Charles-Edgar de Mornay (February 4, 1803 in Paris - December 5, 1878 in Fresneaux-Montchevreuil), was a French diplomat and the first French ambassador  to Morocco, a politician and collector of French painting.

He was a Gentleman of the Bedchamber of Charles X of France.

Mission to North Africa

In mid-October 1831 Louis Philippe I sent de Mornay on a mission to Abd al-Rahman of Morocco.
His task was to negotiate a peace treaty and a border delimitation with the Alawite emperor. Following the 
French conquest of Algeria the mission needed to establish neighbourly relations between the two countries.

His mission had an immediate success: On April 4, 1832 he was able to send a letter declaring to the general-in-chief of the staff of Algiers, Anne Jean Marie René Savary, that Morocco would abandon its claims on the region of Tlemcen and Oran, promise to remain neutral and withdraw their troops from Algeria.

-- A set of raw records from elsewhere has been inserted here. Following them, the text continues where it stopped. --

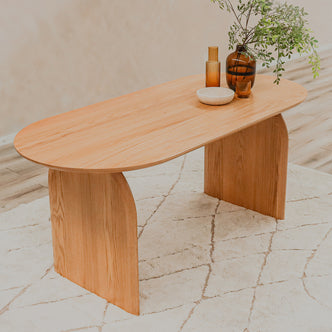 Jillian 180cm Solid Oak Oval Dining Table featuring arched legs, showcased on a coffee table setting with a bowl and candle, highlighting its elegant design and natural wood grain patterns.
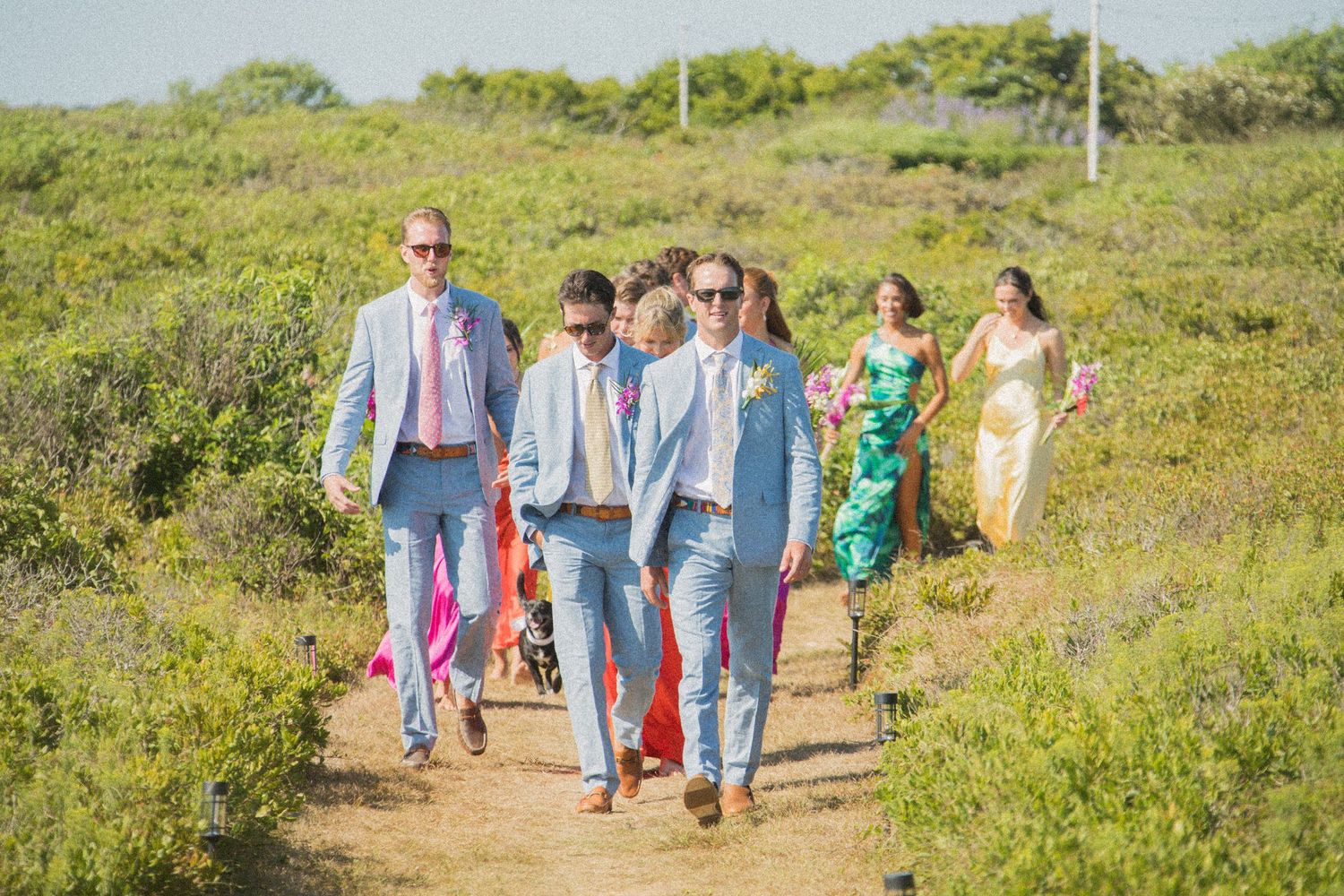 Wedding guests in colorful attire walking along green coastal path.
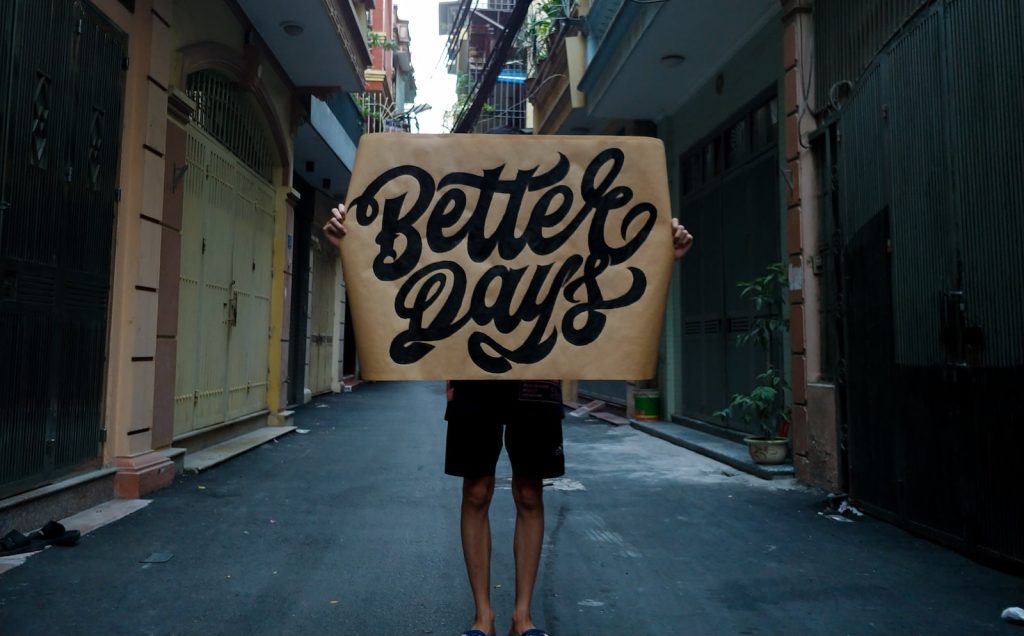woman in black dress standing on sidewalk during daytime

At first Eugène Isabey had been approached to join the diplomatic mission to North Africa. However, when the painter returned from Algiers he had declined, unwilling to make a second trip to Africa. It was therefore Eugène Delacroix who had been chosen to accompany the mission, at his own expense. It was not until the end of 1831 that the painter and Mornay became acquainted, thanks to Henri Duponchel and , at the request of Mademoiselle Mars, Mornay's official mistress and a friend of both Duponchel and Bertin. She was keen to find a pleasant traveling companion for her lover. Mornay and Delacroix dined together on New Year's Eve, accompanied by the actress.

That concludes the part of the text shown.